A resident  from Kutabal village of Budgam district  won the CNN-IBN Citizen Journalist award for the year 2012 for his fight against corruption. The 36-year-old Fayaz Ahmad Wani (above in picture), a semi-illiterate man from small hamlet of Kutabal Chadoora  in central Kashmir’s Budgam district used RTI Act to expose a scam in Indira Awas Yojna (IAY).

 An amount of Rs 5.53 lakh was recovered by the Government after RTI expose.  The local media and CNN IBN had highlighted this issue as Fayaz turned a citizen journalist (CJ) to expose the scam.

 While speaking at the function at Taj Palace hotel in New Delhi, Fayaz said it was due to RTI that he was able to expose the corrupt.
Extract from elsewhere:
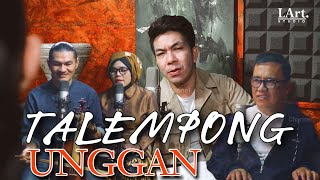 LEPAI - TALEMPONG UNGGAN || RABAB PASISIE, Bundo, Syahrial dan Jhonpi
He said that he would continue to fight for justice of poor people and will use RTI to expose the corrupt. Fayaz wasn’t allowed to enter into the village for three months last summer and his brother’s medical shop was also sealed by the local Sarpanch who had issued a dikat against him and his family.

Noted social activist Anna Hazare, CNN IBN Editor-in-Chief Rajdeep Sardesai gave away the citizen journalist award to Fayaz Ahmad.

RTI activist and founder of J&K RTI Movement Dr Raja Muzaffar Bhat also accompanied Fayaz at the function in New Delhi.

Fayaz said he still receives threats from the criminal elements and appealed the civil society to come to his rescue. Noted Social Activist Anna Hazare, CNN IBN Editor in Chief gave away the citizen journalist award to Fayaz Ahmad.

The author is an RTI activist based in Budgam, Kashmir.